The SRA regulates solicitors, other authorised professionals and the firms they work in throughout England and Wales. Scotland and Northern Ireland are separate legal jurisdictions and have their own regulatory regimes.

A solicitor is someone who carries out specific legal activities, having undergone specialist studies and training. These specific services are called reserved legal activities. In England and Wales, the current reserved legal activities are:

 Administration of oaths
 Advocacy
 Conveyancing
 Litigation
 Notary
 Probate

There are other regulators within England and Wales, who regulate other providers of legal services. The Bar Standards Board regulates barristers, for example, while the other regulators are:

 CILEx
 Notaries
 Council for Licensed Conveyancers
 Intellectual Property Regulation Board
 Costs Lawyer Standards Board
All regulators report to the overarching Legal Services Board. Regulatory work is designed to ensure all work in legal services achieves the eight regulatory outcomes.

These are:

 protecting and promoting the public interest
 supporting the constitutional principle of the rule of law
 improving access to justice
 protecting and promoting the interests of consumers
 promoting competition in the provision of services in the legal sector
 encouraging an independent, strong, diverse and effective legal profession
 increasing public understanding of citizens legal rights and duties
 promoting and maintaining adherence to the professional principles of independence and integrity; proper standards of work; observing the best interests of the client and the duty to the court; and maintaining client confidentiality

The SRA carries out its function by:

Creating and maintaining the Solicitors Handbook including the Code of Conduct, which contains the ethical principles that guide solicitors in their work
Authorising those that want to work in the profession, including the annual renewal of Practising Certificates that represent a solicitor’s licence to practise
Authorising the firms within which individuals carry out reserved legal activities
Supervising firms and individuals to ensure they adhere to professional standards
Taking enforcement action against those that have breached the code of conduct, to create an effective deterrent and discourage further wrongdoing in the profession. A range of sanctions are available to the SRA, including prosecuting more severe cases at the Solicitors Disciplinary Tribunal
Monitoring the quality of training both for those entering the profession and to further increase the standard of those practising within it

Regulating in the public interest 

The SRA regulates firms and individuals in the public interest. This means setting the minimum professional standards that solicitors should adhere to so their clients - as consumers - get the service they expect. When these standards are not met, professional sanctions are taken to act as a deterrent.
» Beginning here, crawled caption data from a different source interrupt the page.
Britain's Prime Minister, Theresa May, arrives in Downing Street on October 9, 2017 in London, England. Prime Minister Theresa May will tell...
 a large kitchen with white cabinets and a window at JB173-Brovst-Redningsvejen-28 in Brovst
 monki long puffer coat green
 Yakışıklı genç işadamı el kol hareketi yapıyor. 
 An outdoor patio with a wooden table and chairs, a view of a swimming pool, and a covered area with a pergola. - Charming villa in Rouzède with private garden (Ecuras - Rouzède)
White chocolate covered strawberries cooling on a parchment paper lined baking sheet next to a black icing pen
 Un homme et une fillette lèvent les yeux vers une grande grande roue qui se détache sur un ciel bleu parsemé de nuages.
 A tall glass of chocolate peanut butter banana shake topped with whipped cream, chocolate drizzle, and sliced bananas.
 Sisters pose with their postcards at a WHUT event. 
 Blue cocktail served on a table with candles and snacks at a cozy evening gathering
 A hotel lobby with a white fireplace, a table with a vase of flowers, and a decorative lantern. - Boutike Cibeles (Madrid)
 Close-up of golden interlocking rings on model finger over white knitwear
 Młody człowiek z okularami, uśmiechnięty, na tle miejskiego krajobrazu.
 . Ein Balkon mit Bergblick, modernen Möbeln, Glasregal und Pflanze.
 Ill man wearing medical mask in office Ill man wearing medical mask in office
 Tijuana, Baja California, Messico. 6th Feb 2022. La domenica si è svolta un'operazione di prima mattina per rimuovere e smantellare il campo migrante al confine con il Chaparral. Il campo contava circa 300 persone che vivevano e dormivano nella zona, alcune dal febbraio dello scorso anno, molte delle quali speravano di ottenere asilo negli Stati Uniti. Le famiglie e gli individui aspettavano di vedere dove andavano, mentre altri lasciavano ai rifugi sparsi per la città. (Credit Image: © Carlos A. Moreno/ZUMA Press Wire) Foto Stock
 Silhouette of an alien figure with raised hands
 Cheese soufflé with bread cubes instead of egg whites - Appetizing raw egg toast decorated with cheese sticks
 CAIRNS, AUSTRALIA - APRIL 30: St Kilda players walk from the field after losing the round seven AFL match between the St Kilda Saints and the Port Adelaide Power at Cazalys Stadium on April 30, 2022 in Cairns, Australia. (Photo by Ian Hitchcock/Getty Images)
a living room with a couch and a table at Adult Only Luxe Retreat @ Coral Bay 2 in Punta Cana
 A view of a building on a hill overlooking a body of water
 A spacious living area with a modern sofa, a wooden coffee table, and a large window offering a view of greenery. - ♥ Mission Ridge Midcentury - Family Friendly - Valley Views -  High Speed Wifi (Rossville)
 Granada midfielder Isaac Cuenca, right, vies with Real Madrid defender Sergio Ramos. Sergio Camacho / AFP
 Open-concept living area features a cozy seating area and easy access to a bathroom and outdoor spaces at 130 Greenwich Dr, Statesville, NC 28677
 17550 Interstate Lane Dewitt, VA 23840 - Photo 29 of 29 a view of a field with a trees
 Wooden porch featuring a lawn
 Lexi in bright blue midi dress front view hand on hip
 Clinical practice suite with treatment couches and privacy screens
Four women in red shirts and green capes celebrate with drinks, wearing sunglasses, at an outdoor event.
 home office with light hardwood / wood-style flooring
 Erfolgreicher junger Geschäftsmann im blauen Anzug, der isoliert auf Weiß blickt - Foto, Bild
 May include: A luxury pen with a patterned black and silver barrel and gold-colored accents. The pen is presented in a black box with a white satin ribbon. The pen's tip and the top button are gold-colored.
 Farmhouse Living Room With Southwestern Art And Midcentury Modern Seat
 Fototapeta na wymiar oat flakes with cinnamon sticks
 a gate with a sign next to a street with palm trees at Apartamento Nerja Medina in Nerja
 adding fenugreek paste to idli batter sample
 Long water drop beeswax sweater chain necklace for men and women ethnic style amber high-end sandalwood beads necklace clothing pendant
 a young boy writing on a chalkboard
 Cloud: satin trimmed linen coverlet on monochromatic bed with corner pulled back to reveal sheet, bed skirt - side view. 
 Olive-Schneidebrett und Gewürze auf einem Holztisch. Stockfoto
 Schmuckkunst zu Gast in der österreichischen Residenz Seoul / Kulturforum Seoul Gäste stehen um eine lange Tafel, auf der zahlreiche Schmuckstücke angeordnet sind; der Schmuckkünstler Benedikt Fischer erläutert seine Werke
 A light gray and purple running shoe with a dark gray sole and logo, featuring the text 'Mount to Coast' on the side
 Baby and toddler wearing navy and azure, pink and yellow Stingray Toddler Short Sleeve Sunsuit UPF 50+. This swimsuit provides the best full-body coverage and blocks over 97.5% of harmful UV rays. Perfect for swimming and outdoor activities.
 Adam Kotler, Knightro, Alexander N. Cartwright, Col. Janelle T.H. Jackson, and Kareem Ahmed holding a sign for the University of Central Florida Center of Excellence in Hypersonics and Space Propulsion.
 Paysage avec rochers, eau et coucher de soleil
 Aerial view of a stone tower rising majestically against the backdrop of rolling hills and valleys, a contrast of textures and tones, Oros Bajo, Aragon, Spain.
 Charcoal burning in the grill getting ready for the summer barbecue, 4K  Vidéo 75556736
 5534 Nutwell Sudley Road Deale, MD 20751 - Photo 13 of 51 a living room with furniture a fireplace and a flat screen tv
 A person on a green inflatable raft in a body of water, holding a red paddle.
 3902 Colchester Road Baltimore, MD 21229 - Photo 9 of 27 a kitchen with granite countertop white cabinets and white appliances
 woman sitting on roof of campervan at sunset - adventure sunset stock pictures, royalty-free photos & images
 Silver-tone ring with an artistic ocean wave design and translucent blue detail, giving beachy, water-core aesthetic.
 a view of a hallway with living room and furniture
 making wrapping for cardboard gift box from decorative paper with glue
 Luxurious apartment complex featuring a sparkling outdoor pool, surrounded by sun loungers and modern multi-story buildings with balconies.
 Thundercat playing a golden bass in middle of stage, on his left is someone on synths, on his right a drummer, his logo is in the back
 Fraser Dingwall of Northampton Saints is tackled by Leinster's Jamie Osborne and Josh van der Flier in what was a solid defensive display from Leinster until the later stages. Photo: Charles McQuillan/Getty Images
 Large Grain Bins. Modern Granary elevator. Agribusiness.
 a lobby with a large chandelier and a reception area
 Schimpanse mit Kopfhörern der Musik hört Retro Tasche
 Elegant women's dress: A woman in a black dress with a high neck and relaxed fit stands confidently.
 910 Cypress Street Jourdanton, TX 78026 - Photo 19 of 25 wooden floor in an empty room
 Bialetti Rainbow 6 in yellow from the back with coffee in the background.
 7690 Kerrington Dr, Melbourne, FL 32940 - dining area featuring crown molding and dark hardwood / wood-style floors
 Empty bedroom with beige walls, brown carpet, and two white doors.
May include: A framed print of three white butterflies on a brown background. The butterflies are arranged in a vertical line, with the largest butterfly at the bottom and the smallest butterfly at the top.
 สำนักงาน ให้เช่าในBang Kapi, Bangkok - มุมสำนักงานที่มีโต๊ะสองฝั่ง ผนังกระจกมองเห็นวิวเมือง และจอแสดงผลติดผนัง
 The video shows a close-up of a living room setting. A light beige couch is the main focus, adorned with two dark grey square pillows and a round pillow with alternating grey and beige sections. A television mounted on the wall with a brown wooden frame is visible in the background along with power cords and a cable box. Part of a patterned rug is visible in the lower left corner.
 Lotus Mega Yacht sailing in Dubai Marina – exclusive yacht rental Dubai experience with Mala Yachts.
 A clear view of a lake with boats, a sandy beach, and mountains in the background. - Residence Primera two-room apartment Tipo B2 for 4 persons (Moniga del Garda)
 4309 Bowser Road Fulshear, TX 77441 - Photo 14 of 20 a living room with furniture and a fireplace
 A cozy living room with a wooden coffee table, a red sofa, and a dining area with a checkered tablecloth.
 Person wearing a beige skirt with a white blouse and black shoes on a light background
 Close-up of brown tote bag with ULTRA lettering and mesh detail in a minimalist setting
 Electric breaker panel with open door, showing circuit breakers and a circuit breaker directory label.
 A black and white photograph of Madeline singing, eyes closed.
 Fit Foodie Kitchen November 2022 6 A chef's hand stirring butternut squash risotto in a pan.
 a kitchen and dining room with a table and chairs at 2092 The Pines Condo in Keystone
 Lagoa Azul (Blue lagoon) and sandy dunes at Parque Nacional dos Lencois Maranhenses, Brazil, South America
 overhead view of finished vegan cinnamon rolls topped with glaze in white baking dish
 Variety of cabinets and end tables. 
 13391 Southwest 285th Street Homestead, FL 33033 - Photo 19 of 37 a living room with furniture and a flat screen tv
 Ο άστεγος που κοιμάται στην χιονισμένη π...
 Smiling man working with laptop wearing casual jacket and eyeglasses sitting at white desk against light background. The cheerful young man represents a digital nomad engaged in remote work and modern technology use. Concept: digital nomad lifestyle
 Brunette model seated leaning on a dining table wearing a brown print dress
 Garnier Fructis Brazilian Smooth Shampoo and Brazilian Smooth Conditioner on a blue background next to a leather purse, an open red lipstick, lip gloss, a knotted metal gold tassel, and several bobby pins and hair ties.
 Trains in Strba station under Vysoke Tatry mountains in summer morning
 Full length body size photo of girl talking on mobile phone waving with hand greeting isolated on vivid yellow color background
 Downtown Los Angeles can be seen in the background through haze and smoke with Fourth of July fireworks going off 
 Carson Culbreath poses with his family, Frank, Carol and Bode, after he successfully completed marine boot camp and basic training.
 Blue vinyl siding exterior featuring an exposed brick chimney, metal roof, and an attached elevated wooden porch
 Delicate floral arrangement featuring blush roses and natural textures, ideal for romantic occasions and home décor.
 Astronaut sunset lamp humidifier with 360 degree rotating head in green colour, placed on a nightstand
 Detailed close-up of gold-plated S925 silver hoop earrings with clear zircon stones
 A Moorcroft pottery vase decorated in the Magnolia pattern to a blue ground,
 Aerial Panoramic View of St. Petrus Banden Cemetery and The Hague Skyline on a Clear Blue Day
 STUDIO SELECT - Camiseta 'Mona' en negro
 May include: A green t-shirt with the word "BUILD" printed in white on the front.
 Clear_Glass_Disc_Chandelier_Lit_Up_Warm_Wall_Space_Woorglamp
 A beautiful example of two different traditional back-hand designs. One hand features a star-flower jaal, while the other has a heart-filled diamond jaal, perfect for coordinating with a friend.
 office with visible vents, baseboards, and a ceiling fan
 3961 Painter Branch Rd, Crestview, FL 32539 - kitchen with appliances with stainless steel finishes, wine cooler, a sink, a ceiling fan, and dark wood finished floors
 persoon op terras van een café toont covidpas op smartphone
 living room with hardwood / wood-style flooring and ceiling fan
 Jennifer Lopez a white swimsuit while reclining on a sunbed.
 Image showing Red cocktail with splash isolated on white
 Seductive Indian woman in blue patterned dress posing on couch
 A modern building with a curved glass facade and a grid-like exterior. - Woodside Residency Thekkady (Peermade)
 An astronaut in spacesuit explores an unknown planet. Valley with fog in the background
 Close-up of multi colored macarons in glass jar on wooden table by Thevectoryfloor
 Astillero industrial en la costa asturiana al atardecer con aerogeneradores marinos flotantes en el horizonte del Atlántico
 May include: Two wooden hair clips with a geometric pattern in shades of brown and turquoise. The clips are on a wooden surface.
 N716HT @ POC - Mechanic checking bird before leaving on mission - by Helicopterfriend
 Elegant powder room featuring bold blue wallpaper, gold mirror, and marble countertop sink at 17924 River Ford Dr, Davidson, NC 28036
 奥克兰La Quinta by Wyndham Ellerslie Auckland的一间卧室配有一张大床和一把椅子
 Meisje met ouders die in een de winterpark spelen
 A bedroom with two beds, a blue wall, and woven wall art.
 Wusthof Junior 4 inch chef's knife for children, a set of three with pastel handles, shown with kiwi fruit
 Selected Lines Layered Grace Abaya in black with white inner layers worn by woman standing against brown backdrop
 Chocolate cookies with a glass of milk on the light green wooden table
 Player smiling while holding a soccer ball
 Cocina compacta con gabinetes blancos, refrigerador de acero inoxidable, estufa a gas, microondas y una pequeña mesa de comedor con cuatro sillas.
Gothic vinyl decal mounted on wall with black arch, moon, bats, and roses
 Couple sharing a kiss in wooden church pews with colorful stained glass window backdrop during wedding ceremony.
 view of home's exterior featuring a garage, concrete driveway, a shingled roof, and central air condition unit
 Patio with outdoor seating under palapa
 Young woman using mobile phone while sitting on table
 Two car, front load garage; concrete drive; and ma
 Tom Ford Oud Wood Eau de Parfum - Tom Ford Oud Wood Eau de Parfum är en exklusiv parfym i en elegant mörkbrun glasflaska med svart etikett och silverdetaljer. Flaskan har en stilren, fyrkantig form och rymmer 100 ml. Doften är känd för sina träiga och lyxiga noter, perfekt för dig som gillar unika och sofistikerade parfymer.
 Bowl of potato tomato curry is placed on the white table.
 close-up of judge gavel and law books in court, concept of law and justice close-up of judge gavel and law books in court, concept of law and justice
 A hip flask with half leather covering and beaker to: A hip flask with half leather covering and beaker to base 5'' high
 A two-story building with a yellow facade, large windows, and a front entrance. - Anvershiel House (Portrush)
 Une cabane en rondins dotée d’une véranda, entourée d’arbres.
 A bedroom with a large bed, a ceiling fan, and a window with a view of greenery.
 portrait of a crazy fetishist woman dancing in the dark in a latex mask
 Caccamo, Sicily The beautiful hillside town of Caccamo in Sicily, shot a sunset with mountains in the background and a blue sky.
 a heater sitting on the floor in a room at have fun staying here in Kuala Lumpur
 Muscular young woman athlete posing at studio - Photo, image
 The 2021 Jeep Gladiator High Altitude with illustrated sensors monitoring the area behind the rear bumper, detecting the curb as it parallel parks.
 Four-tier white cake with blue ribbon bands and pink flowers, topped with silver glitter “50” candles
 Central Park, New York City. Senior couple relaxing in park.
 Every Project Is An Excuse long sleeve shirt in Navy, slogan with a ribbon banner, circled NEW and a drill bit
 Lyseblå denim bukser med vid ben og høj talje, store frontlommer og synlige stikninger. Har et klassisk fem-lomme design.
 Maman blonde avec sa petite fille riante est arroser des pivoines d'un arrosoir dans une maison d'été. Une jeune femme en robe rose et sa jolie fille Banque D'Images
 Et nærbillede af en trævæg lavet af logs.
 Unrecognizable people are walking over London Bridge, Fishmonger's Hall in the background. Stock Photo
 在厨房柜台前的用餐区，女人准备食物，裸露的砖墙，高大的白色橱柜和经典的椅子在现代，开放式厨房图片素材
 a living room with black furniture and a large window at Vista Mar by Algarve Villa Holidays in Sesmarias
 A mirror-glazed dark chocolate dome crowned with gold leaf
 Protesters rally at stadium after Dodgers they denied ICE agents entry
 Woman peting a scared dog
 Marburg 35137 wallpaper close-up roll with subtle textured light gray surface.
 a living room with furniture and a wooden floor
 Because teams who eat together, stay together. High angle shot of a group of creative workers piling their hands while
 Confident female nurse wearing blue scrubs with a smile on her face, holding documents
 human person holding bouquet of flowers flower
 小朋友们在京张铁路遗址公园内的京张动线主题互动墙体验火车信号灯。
What regulating in the public interest does not mean, however, is acting as means of recourse for individuals that are unhappy with the actions of their solicitor or firm. While the SRA will deal with complaints brought to it by dissatisfied clients as necessary, it does not offer a compensation scheme. This can be achieved through the Legal Ombudsman.

Activity

Enforcement 

In 2012, the SRA's Supervision function handled a total of 6,289 issues, while the Forensic Investigations Unit began work on 530 new cases.

The number of interventions, which involves the SRA closing down a firm because it poses risks to clients, was 37. The number of referrals to the Solicitors Disciplinary Tribunal was 289, which resulted in 77 strike-offs, 94 fines and 56 suspensions, among other sanctions.

The Solicitors Compensation Fund accepted 1,321 claims and paid out £18.54 million for those which were successful.

Further information on the SRA's enforcement activity can be found on its Reports and Research pages

Outcomes-focused regulation 

In 2011, the SRA moved from a rules-based tick-box approach to regulation and introduced an outcomes-focused regime. This involved creating a whole new Handbook to create a regulatory framework in which law firms could deliver the best outcomes for their clients using a business model adapted specifically for their situation.

Research conducted at the end of 2012 showed that while the number of firms comfortable with the concept of outcomes-focused regulation had increased, the SRA still had work to do to demonstrate the flexibilities offered by the new way of working.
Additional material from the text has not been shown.